Please copy all of the records exactly, leaving nothing out.
☆ ☆ ☆ ☆ ☆ ☆ ☆
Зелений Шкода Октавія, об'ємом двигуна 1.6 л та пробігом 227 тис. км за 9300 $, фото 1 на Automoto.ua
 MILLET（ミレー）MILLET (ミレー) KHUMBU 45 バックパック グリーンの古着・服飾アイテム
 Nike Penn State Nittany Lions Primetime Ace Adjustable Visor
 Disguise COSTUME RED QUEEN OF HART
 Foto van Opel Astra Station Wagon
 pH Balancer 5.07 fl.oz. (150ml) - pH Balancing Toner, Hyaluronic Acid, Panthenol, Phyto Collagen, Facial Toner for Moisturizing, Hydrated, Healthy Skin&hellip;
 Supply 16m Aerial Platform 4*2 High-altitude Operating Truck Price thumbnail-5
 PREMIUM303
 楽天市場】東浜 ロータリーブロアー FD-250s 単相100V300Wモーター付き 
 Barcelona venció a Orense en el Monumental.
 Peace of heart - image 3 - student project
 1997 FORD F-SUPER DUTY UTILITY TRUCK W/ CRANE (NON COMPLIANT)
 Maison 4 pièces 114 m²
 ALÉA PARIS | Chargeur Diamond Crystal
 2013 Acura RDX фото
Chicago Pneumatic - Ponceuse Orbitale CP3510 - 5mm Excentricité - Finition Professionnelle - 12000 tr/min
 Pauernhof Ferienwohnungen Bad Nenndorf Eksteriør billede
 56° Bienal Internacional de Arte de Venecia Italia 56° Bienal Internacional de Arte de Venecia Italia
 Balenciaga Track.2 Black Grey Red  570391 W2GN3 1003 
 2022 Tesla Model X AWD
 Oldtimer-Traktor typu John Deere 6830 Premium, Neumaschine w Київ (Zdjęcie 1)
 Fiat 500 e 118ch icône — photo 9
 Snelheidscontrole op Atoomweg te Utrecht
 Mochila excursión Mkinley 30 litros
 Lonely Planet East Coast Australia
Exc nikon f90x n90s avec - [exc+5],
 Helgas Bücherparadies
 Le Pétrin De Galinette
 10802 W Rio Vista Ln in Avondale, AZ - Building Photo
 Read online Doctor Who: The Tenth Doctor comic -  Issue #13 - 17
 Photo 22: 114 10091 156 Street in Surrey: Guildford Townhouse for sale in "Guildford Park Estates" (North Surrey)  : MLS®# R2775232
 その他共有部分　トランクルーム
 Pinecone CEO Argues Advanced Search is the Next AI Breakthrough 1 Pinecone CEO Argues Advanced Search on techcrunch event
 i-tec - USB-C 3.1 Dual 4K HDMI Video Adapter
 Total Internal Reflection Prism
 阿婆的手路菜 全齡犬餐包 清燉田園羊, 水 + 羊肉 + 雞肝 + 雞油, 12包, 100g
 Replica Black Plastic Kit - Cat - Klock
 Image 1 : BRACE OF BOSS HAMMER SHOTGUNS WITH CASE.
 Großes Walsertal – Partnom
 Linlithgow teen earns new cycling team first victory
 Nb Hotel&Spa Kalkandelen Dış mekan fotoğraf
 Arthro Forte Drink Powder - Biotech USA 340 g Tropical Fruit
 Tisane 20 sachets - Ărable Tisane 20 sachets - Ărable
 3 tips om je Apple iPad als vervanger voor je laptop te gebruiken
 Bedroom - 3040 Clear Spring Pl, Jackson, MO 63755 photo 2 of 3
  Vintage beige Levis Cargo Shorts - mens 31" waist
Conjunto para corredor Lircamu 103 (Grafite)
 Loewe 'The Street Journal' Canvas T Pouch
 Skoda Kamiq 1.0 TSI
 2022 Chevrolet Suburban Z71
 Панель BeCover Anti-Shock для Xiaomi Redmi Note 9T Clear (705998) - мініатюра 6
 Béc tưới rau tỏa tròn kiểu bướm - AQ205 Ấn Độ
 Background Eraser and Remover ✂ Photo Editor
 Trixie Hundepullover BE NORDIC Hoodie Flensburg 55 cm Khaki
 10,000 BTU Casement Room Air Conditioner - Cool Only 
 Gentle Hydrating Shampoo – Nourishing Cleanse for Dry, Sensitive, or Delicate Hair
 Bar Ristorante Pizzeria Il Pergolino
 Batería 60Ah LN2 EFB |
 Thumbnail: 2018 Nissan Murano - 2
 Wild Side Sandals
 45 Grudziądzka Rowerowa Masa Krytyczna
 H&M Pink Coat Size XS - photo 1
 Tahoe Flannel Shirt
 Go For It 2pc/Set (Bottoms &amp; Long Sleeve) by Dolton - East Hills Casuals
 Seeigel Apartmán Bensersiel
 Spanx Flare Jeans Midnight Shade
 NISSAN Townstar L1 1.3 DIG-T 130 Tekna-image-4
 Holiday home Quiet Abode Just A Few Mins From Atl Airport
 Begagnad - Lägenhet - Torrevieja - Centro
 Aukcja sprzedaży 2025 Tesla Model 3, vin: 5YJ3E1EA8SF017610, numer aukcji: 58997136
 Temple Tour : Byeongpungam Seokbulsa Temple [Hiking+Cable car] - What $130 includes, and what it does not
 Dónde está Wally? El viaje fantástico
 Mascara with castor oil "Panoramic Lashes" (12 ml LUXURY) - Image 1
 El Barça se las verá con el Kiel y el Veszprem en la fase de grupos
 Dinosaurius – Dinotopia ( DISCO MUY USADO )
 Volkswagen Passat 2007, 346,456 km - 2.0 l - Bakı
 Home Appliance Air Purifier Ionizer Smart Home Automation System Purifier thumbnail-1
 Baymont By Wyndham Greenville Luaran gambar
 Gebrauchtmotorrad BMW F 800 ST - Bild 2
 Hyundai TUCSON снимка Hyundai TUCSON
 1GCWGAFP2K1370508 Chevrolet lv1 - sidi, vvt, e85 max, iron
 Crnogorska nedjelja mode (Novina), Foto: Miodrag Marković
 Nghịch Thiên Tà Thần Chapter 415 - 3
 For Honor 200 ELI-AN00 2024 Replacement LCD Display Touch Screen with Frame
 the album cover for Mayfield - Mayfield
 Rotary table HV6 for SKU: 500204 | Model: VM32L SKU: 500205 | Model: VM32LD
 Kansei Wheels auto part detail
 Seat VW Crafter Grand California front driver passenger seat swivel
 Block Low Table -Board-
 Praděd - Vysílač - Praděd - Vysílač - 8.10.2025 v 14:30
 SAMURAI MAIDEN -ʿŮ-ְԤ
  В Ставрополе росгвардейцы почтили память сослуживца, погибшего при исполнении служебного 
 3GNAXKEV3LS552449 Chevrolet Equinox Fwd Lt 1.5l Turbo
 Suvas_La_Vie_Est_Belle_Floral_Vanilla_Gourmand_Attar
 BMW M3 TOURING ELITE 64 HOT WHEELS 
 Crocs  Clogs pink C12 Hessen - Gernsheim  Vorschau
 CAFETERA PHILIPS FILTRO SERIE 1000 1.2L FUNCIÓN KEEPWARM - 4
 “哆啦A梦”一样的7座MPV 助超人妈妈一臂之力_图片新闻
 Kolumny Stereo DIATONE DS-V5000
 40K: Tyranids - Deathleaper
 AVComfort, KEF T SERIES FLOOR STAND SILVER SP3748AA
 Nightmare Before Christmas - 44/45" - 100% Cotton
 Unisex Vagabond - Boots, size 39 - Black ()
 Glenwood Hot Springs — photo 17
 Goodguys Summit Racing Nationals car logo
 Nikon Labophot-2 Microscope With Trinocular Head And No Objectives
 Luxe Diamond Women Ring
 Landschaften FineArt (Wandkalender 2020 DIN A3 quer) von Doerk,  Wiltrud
☆ ☆ ☆ ☆ ☆ ☆ ☆
- **Response to the task**:
Зелений Шкода Октавія, об'ємом двигуна 1.6 л та пробігом 227 тис. км за 9300 $, фото 1 на Automoto.ua
 MILLET（ミレー）MILLET (ミレー) KHUMBU 45 バックパック グリーンの古着・服飾アイテム
 Nike Penn State Nittany Lions Primetime Ace Adjustable Visor
 Disguise COSTUME RED QUEEN OF HART
 Foto van Opel Astra Station Wagon
 pH Balancer 5.07 fl.oz. (150ml) - pH Balancing Toner, Hyaluronic Acid, Panthenol, Phyto Collagen, Facial Toner for Moisturizing, Hydrated, Healthy Skin&hellip;
 Supply 16m Aerial Platform 4*2 High-altitude Operating Truck Price thumbnail-5
 PREMIUM303
 楽天市場】東浜 ロータリーブロアー FD-250s 単相100V300Wモーター付き 
 Barcelona venció a Orense en el Monumental.
 Peace of heart - image 3 - student project
 1997 FORD F-SUPER DUTY UTILITY TRUCK W/ CRANE (NON COMPLIANT)
 Maison 4 pièces 114 m²
 ALÉA PARIS | Chargeur Diamond Crystal
 2013 Acura RDX фото
Chicago Pneumatic - Ponceuse Orbitale CP3510 - 5mm Excentricité - Finition Professionnelle - 12000 tr/min
 Pauernhof Ferienwohnungen Bad Nenndorf Eksteriør billede
 56° Bienal Internacional de Arte de Venecia Italia 56° Bienal Internacional de Arte de Venecia Italia
 Balenciaga Track.2 Black Grey Red  570391 W2GN3 1003 
 2022 Tesla Model X AWD
 Oldtimer-Traktor typu John Deere 6830 Premium, Neumaschine w Київ (Zdjęcie 1)
 Fiat 500 e 118ch icône — photo 9
 Snelheidscontrole op Atoomweg te Utrecht
 Mochila excursión Mkinley 30 litros
 Lonely Planet East Coast Australia
Exc nikon f90x n90s avec - [exc+5],
 Helgas Bücherparadies
 Le Pétrin De Galinette
 10802 W Rio Vista Ln in Avondale, AZ - Building Photo
 Read online Doctor Who: The Tenth Doctor comic -  Issue #13 - 17
 Photo 22: 114 10091 156 Street in Surrey: Guildford Townhouse for sale in "Guildford Park Estates" (North Surrey)  : MLS®# R2775232
 その他共有部分　トランクルーム
 Pinecone CEO Argues Advanced Search is the Next AI Breakthrough 1 Pinecone CEO Argues Advanced Search on techcrunch event
 i-tec - USB-C 3.1 Dual 4K HDMI Video Adapter
 Total Internal Reflection Prism
 阿婆的手路菜 全齡犬餐包 清燉田園羊, 水 + 羊肉 + 雞肝 + 雞油, 12包, 100g
 Replica Black Plastic Kit - Cat - Klock
 Image 1 : BRACE OF BOSS HAMMER SHOTGUNS WITH CASE.
 Großes Walsertal – Partnom
 Linlithgow teen earns new cycling team first victory
 Nb Hotel&Spa Kalkandelen Dış mekan fotoğraf
 Arthro Forte Drink Powder - Biotech USA 340 g Tropical Fruit
 Tisane 20 sachets - Ărable Tisane 20 sachets - Ărable
 3 tips om je Apple iPad als vervanger voor je laptop te gebruiken
 Bedroom - 3040 Clear Spring Pl, Jackson, MO 63755 photo 2 of 3
  Vintage beige Levis Cargo Shorts - mens 31" waist
Conjunto para corredor Lircamu 103 (Grafite)
 Loewe 'The Street Journal' Canvas T Pouch
 Skoda Kamiq 1.0 TSI
 2022 Chevrolet Suburban Z71
 Панель BeCover Anti-Shock для Xiaomi Redmi Note 9T Clear (705998) - мініатюра 6
 Béc tưới rau tỏa tròn kiểu bướm - AQ205 Ấn Độ
 Background Eraser and Remover ✂ Photo Editor
 Trixie Hundepullover BE NORDIC Hoodie Flensburg 55 cm Khaki
 10,000 BTU Casement Room Air Conditioner - Cool Only 
 Gentle Hydrating Shampoo – Nourishing Cleanse for Dry, Sensitive, or Delicate Hair
 Bar Ristorante Pizzeria Il Pergolino
 Batería 60Ah LN2 EFB |
 Thumbnail: 2018 Nissan Murano - 2
 Wild Side Sandals
 45 Grudziądzka Rowerowa Masa Krytyczna
 H&M Pink Coat Size XS - photo 1
 Tahoe Flannel Shirt
 Go For It 2pc/Set (Bottoms &amp; Long Sleeve) by Dolton - East Hills Casuals
 Seeigel Apartmán Bensersiel
 Spanx Flare Jeans Midnight Shade
 NISSAN Townstar L1 1.3 DIG-T 130 Tekna-image-4
 Holiday home Quiet Abode Just A Few Mins From Atl Airport
 Begagnad - Lägenhet - Torrevieja - Centro
 Aukcja sprzedaży 2025 Tesla Model 3, vin: 5YJ3E1EA8SF017610, numer aukcji: 58997136
 Temple Tour : Byeongpungam Seokbulsa Temple [Hiking+Cable car] - What $130 includes, and what it does not
 Dónde está Wally? El viaje fantástico
 Mascara with castor oil "Panoramic Lashes" (12 ml LUXURY) - Image 1
 El Barça se las verá con el Kiel y el Veszprem en la fase de grupos
 Dinosaurius – Dinotopia ( DISCO MUY USADO )
 Volkswagen Passat 2007, 346,456 km - 2.0 l - Bakı
 Home Appliance Air Purifier Ionizer Smart Home Automation System Purifier thumbnail-1
 Baymont By Wyndham Greenville Luaran gambar
 Gebrauchtmotorrad BMW F 800 ST - Bild 2
 Hyundai TUCSON снимка Hyundai TUCSON
 1GCWGAFP2K1370508 Chevrolet lv1 - sidi, vvt, e85 max, iron
 Crnogorska nedjelja mode (Novina), Foto: Miodrag Marković
 Nghịch Thiên Tà Thần Chapter 415 - 3
 For Honor 200 ELI-AN00 2024 Replacement LCD Display Touch Screen with Frame
 the album cover for Mayfield - Mayfield
 Rotary table HV6 for SKU: 500204 | Model: VM32L SKU: 500205 | Model: VM32LD
 Kansei Wheels auto part detail
 Seat VW Crafter Grand California front driver passenger seat swivel
 Block Low Table -Board-
 Praděd - Vysílač - Praděd - Vysílač - 8.10.2025 v 14:30
 SAMURAI MAIDEN -ʿŮ-ְԤ
  В Ставрополе росгвардейцы почтили память сослуживца, погибшего при исполнении служебного 
 3GNAXKEV3LS552449 Chevrolet Equinox Fwd Lt 1.5l Turbo
 Suvas_La_Vie_Est_Belle_Floral_Vanilla_Gourmand_Attar
 BMW M3 TOURING ELITE 64 HOT WHEELS 
 Crocs  Clogs pink C12 Hessen - Gernsheim  Vorschau
 CAFETERA PHILIPS FILTRO SERIE 1000 1.2L FUNCIÓN KEEPWARM - 4
 “哆啦A梦”一样的7座MPV 助超人妈妈一臂之力_图片新闻
 Kolumny Stereo DIATONE DS-V5000
 40K: Tyranids - Deathleaper
 AVComfort, KEF T SERIES FLOOR STAND SILVER SP3748AA
 Nightmare Before Christmas - 44/45" - 100% Cotton
 Unisex Vagabond - Boots, size 39 - Black ()
 Glenwood Hot Springs — photo 17
 Goodguys Summit Racing Nationals car logo
 Nikon Labophot-2 Microscope With Trinocular Head And No Objectives
 Luxe Diamond Women Ring
 Landschaften FineArt (Wandkalender 2020 DIN A3 quer) von Doerk,  Wiltrud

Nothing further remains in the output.